A soldier interrupted the Guitar Hero session, telling the pilots to get in the air. Orders would come over the radio. The pilots abandoned Guitar Hero and raced out the door into the cold night to their OH-58D Kiowa Warriors, economy-sized helicopters that would make a Ford Pinto seem spacious. The pilots crammed two each into the two helicopters, strapping in, cranking engines, while radio chatter had already started. The pilots learned that the Predator had identified a target, which it would laser-designate for a Hellfire shot from a Kiowa.

Minutes after the first alert, rotors were chopping the cold air, the instrument readings looked good. The pilots changed the pitch of their rotors to bite the air and lifted slightly off the ground, backing out of their parking spaces like cars. After backing out, they stopped in a hover, and began to move forward, pulling away from the other helicopters. The Kiowa Warriors lifted into the sky over the runway, heading south, then east toward the lights of the city of Mosul only a minute away. They didn’t get far...
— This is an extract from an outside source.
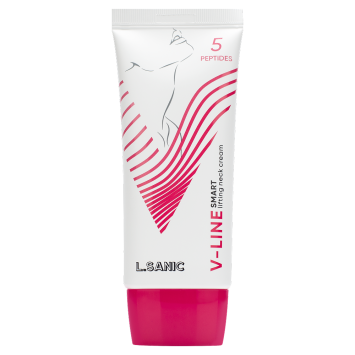 Крем-лифтинг для шеи и коррекции овала лица, 60 мл V-Line 5 Peptides Smart Lifting Neck Cream L.Sanic / Эль Саник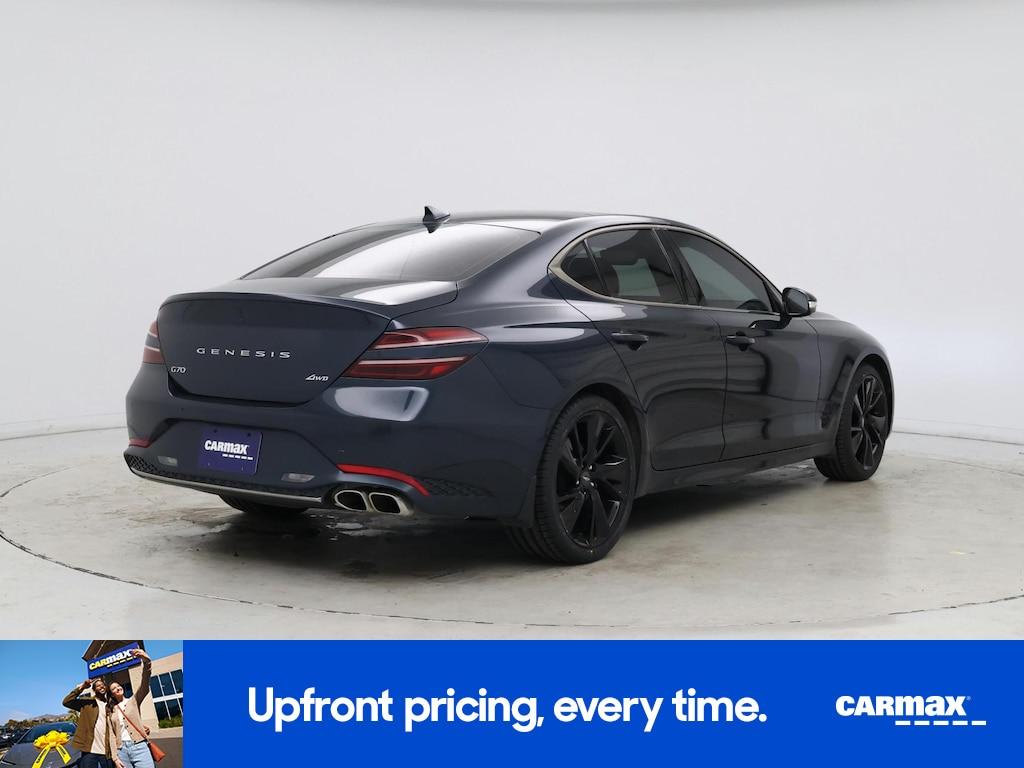 used 2023 Genesis G70 car, priced at $31,998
...Pilots are not supposed to fly under one hundred fifty feet but are often at more like twenty or thirty feet, though I have seen some fly much lower. In 2005, I photographed a Kiowa and could read the time on the pilot’s watch (without telephoto). I asked an infantry commander if he thought the pilot would get into trouble if that photo were published, and he suggested not to publish it, so I canned it. LTC Jamison leaves the altitude to the discretion of the pilot in charge, but generally they have to be either very high, or very low.

The quick and the dead: Truly

During the Jihad Shift, the pilots’ only real defense is to swoop low and fast, point their rockets or .50-caliber straight at the enemy and squeeze the trigger, while often the left-seater is leaning out the door shooting their M-4 rifle. This is “Red Baron” stuff. The machine gun and rockets are locked rigidly on Kiowas, unlike an Apache where the pilot can fly a safe distance and practically just look at a target and think bad thoughts and the target bursts into flames. For the Kiowas to draw blood during the Jihad Shift, they have to take the same chances that mosquitoes take when they land on the back of your neck. In fact, the codeword the insurgents use for Kiowas is “mosquitoes.”

The Jihad Shift often results in shootout where two people in a tiny helicopter fight an enemy who is often better armed and waiting in ambush. The enemy actively tries to draw the Kiowas into ground-based ambushes. At least sixteen Red Catcher helicopters have been hit by enemy fire in the first eight months, often causing severe damage. But for serious luck and fancy flying, it’s a wonder that Red Catchers haven’t been shot down all over Mosul...



For the rest of the story go HERE.

Just to set the record straight, Apache crews can't always sit back and kill the bad guys from a distance, I know it seems that way to those that only see it through the gun camera tapes. But I have lost friends and have seen too many aircraft come back shot up after missions...I know better.